ITEM 3.  INCORPORATION OF DOCUMENTS BY REFERENCE.

    The following documents filed with the Securities and Exchange Commission
are hereby incorporated by reference:

    (a)  The Annual Report of the Company on Form 10-K for the fiscal year
         ended December 31, 1996.

    (b)  The Quarterly Report of the Company on Form 10-Q for the quarter ended 
         March 31, 1997.

    (c)  The Definitive Proxy Statement dated  April 10, 1997 for the Annual
         Meeting of Shareholders held on May 15, 1997.

    (d)  The description of the Company's Common Stock as set forth under
         DESCRIPTION OF REGISTRANT'S  SECURITIES TO BE REGISTERED in the
         Company's Registration Statement on Form 8-A (File No. 0-25508), filed
         with the Securities and Exchange Commission effective February 7,
         1995, which incorporates by reference the section entitled DESCRIPTION
         OF CAPITAL STOCK in the Company's Registration Statement on Form S-1
         (File No. 33-89164) as filed with the Commission on February 6, 1995,
         including any amendment or report filed for the purpose of updating
         such description.

    All documents subsequently filed by the Company pursuant to Sections 13(a),
13(c), 14 and 15(d) of the Securities Exchange Act of 1934 prior to the
completion or termination of this offering of shares of Common Stock shall be
deemed to be incorporated by reference in this Registration Statement and to be
a part hereof from the date of filing of such documents.

ITEM 4. DESCRIPTION OF SECURITIES.

Not applicable.

ITEM 5. INTERESTS OF NAMED EXPERTS AND COUNSEL.

Not applicable.

ITEM 6. INDEMNIFICATION OF DIRECTORS AND OFFICERS.

    The Company's Articles of Incorporation provide that no director of the
Company may be personally liable to the Company or its shareholders for monetary
damages for breach of fiduciary duty as a director, except as limited by
Minnesota law.  Minnesota law provides that a corporation may not limit a
director's personal liability to the Company or its shareholders for monetary
damages for breach of fiduciary duty  (i) for any breach of the director's duty
of loyalty to the Company or its shareholders; (ii) for acts or omissions not in
good faith or that involve intentional misconduct or a knowing violation of law;
(iii) under section 302A.559 or 80A.23 of the Minnesota Statutes; (iv) for any
transaction from which the director derived any improper personal benefit; or
(v) for any act or omission occurring prior to the effective date of the
indemnification provisions in the Company's Articles of Incorporation. 
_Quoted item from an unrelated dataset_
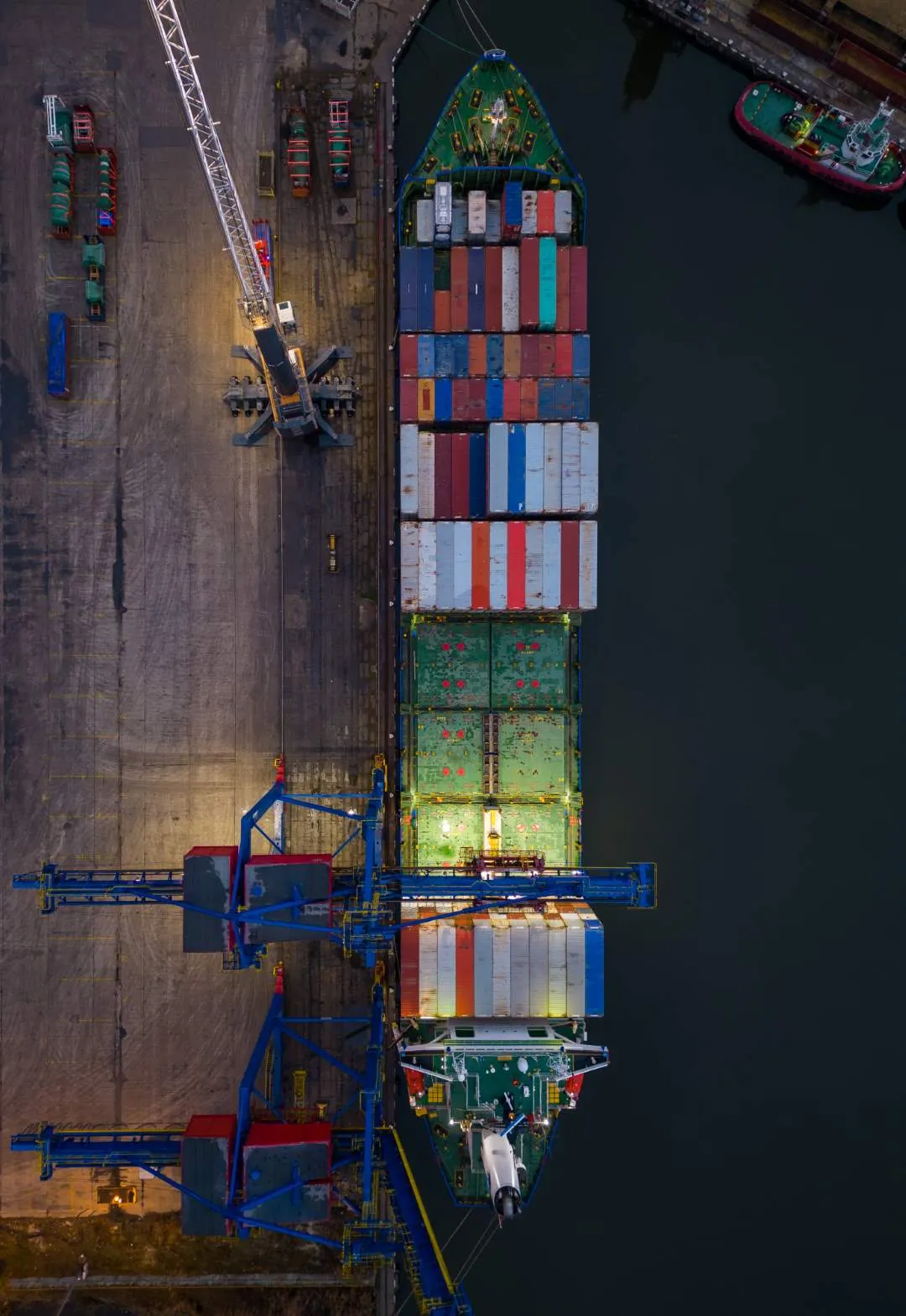 A container ship being loaded alongside a quay, seen from above at dusk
    The Company's Articles of Incorporation, and Section 302A.521 of the
Minnesota Business Corporation Act, provide that a corporation shall indemnify
any person made or threatened to be made a party to a proceeding by reason of
acts or omissions performed in their official capacity as an officer, director,
employee or agent of


                                          3



the corporation against judgments, penalties, fines, including without
limitation, excise taxes assessed against such person with respect to an
employee benefit plan, settlements, and reasonable expenses, including
attorneys' fees and disbursements, incurred by such person in connection with
the proceeding if, with respect to the acts or omissions of such person
complained of in the proceeding, such person (i) has not been indemnified by
another organization or employee benefit plan for the same expenses with respect
to the same acts or omissions; (ii) acted in good faith; (iii) received no
improper personal benefit and Minnesota Statutes, Section 302A.255 (regarding
conflicts of interest), if applicable, has been satisfied; (iv) in the case of a
criminal proceeding, has no reasonable cause to believe the conduct was
unlawful; and (v) in the case of acts or omissions by persons in their official
capacity for the corporation, reasonably believed that the conduct was in the
best interests of the corporation, or in the case of acts or omissions by
persons in their capacity for other organizations, reasonably believed that the
conduct was not opposed to the best interests of the corporation.  In addition,
Section 302A.521, subd. 3, of the Minnesota Statutes requires payment or
reimbursement by the corporation, upon written request, of reasonable expenses
(including attorneys' fees) incurred by a person in advance of the final
disposition of a proceeding in certain instances if a decision as to required
indemnification is made by a disinterested majority of the Board of Directors
present at a meeting at which a disinterested quorum is present, or by a
designated committee of the Board, by special legal counsel, by the shareholders
or by a court.

    In addition, the Company has entered into indemnification agreements with
each of its directors and officers, which agreements provide for indemnification
to the full extent permitted by Minnesota law.

ITEM 7. EXEMPTION FROM REGISTRATION CLAIMED.

    The options that have been granted under the Plan were all granted to
employees, directors and consultants of the Company and were exempt from
registration pursuant to Section 4(2) of the Securities Act of 1933.

ITEM 8. EXHIBITS.  (Filed electronically herewith)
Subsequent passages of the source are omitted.